• [INFORMATION SHOWN]:

Start of Block

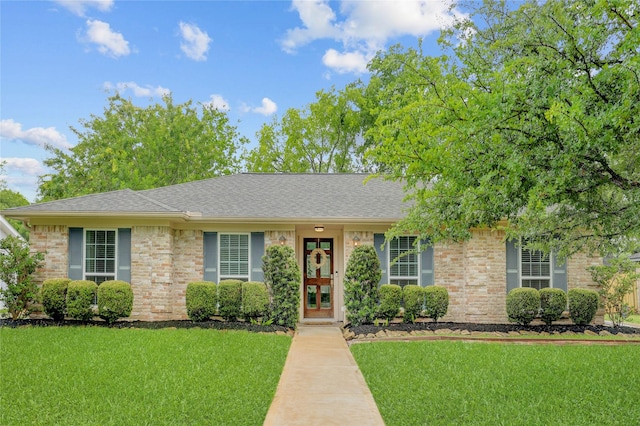 12427 Attlee Dr, Houston, TX 77077 - ranch-style home featuring a front lawn, roof with shingles, brick siding, and french doors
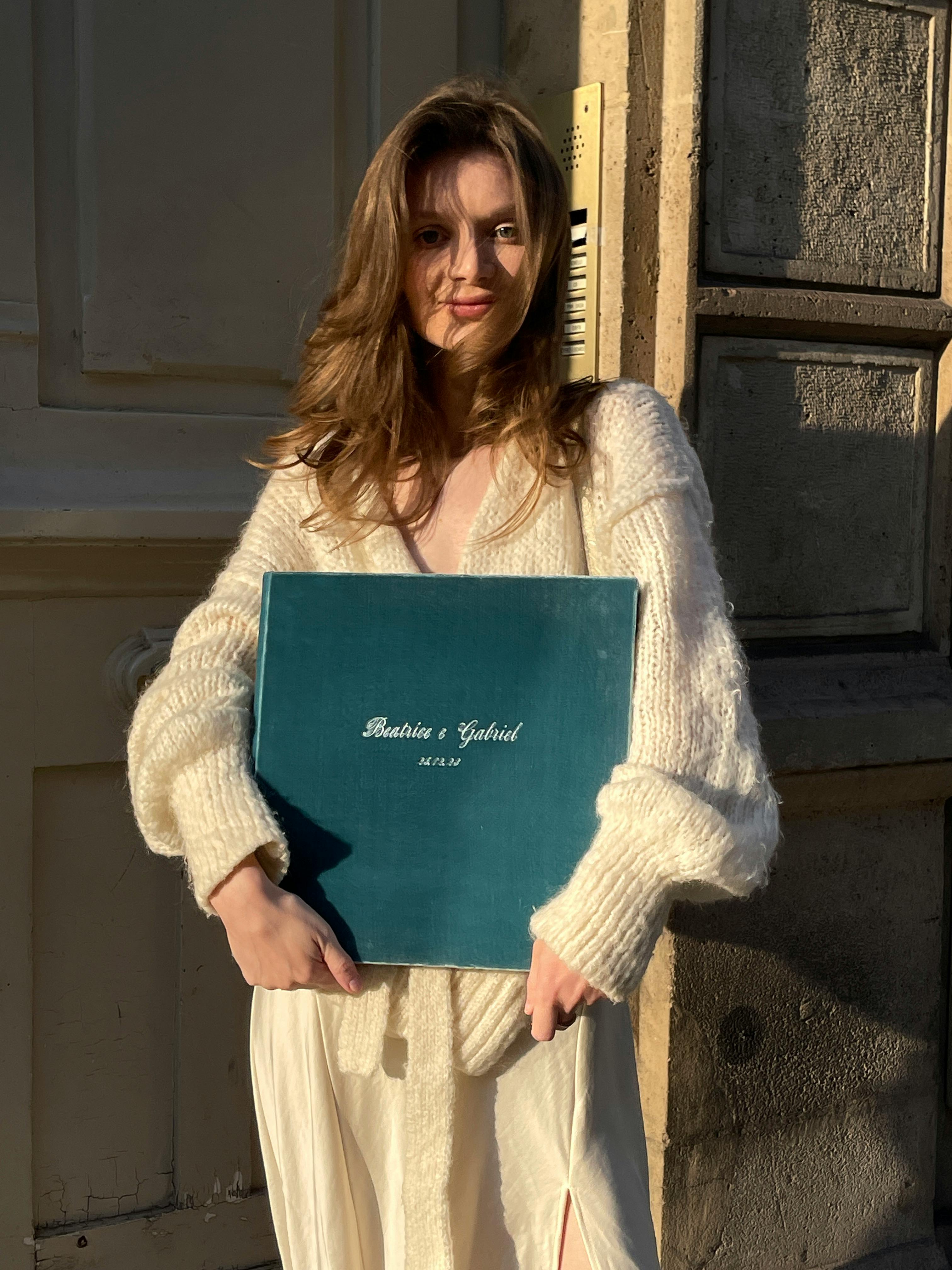 Woman in White Clothes Standing and Posing with Album · Free Stock Photo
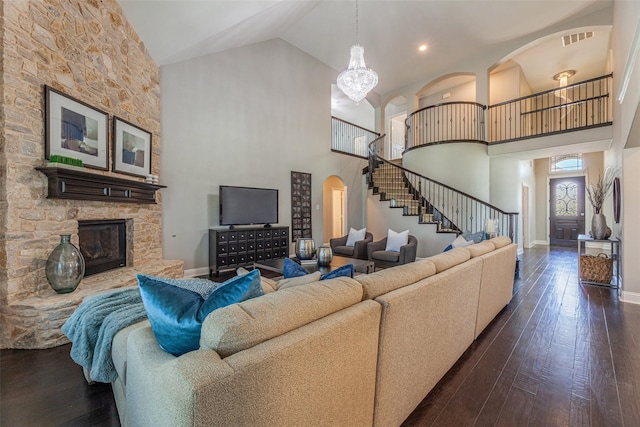 living room featuring high vaulted ceiling, dark hardwood / wood-style floors, and a fireplace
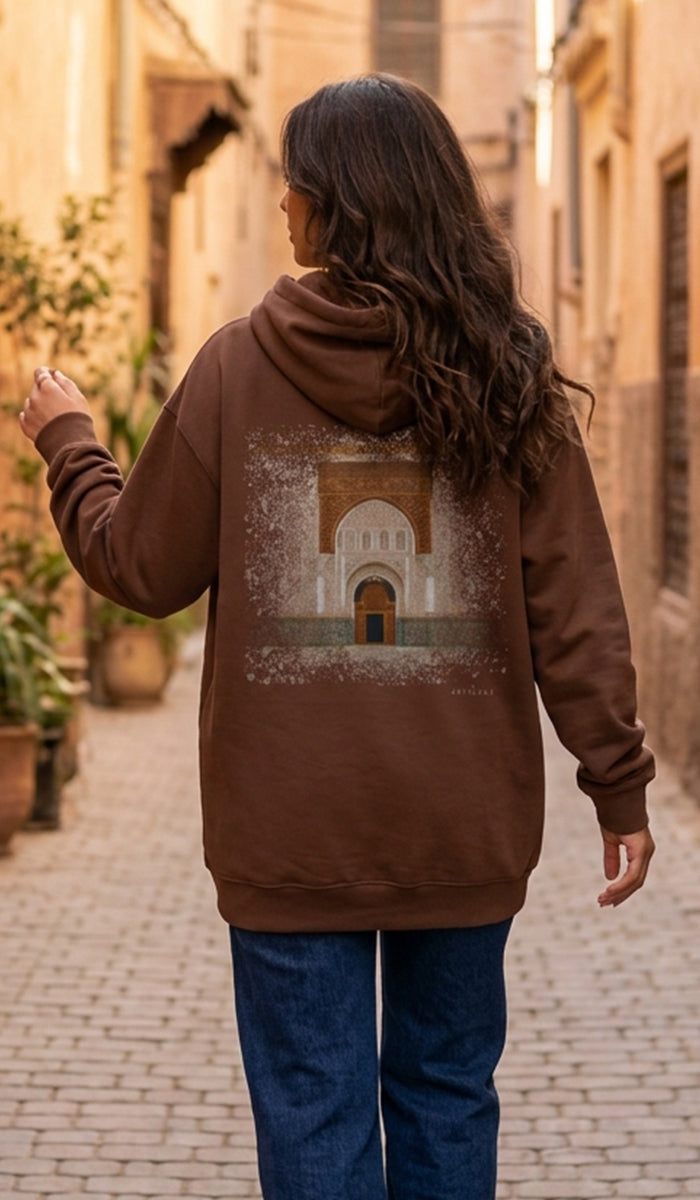 A woman viewed from behind wearing a brown pullover hoodie with a large printed graphic of a historic archway on the back, paired with blue jeans, walking down a sunlit cobblestone alley.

End of Block

• [ACTIVITY]:
Begin at the line containing "Woman in White" and copy every line through the end of the data above exactly, omitting the pictures.

• [RESPONSE TO THE EXERCISE]:
 Woman in White Clothes Standing and Posing with Album · Free Stock Photo
 living room featuring high vaulted ceiling, dark hardwood / wood-style floors, and a fireplace
 A woman viewed from behind wearing a brown pullover hoodie with a large printed graphic of a historic archway on the back, paired with blue jeans, walking down a sunlit cobblestone alley.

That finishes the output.